Given records START
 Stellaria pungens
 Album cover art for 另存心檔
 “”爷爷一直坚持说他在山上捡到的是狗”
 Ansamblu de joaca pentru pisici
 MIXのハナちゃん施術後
Given records END
Given records START
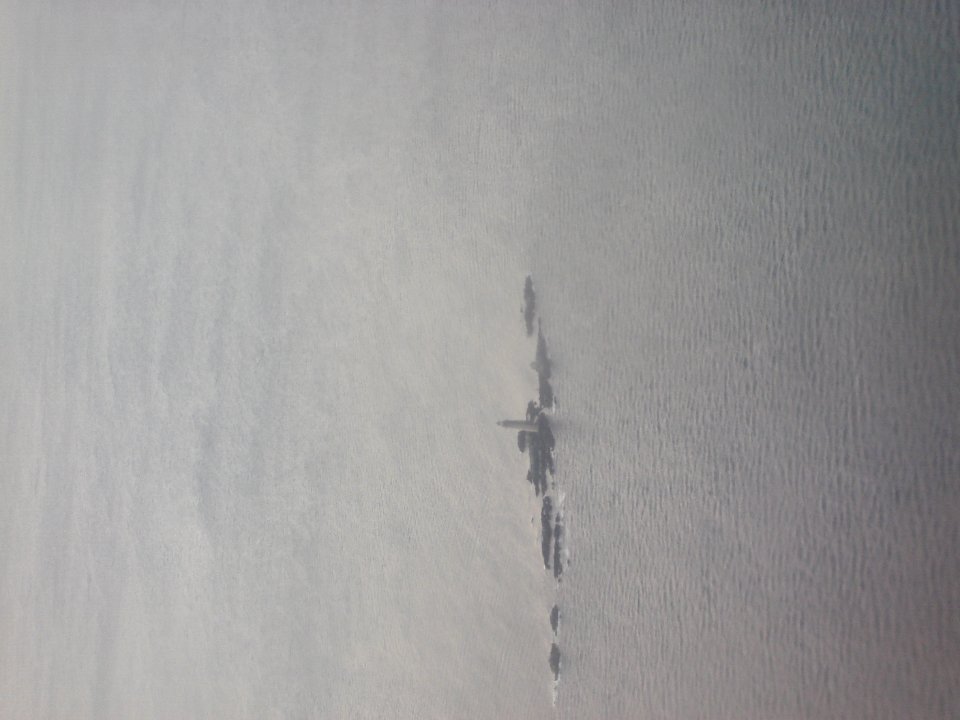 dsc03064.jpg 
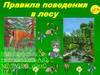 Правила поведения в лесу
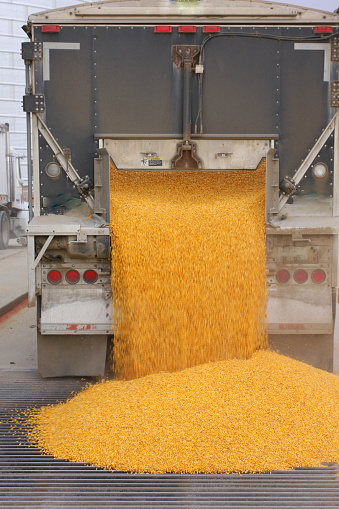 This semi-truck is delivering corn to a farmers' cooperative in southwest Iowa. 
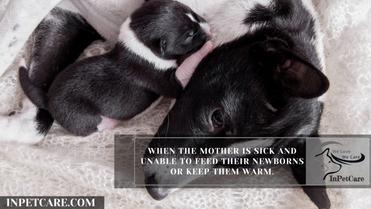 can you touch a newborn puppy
Given records END
> _What is expected_: Go back to the listing above and write out the lines starting at the one with "dsc03064.jpg" and ending at the one with "can you touch a newborn puppy", inclusive, exactly and without pictures.

> _Answer to the problem_:
 dsc03064.jpg 
 Правила поведения в лесу
 This semi-truck is delivering corn to a farmers' cooperative in southwest Iowa. 
 can you touch a newborn puppy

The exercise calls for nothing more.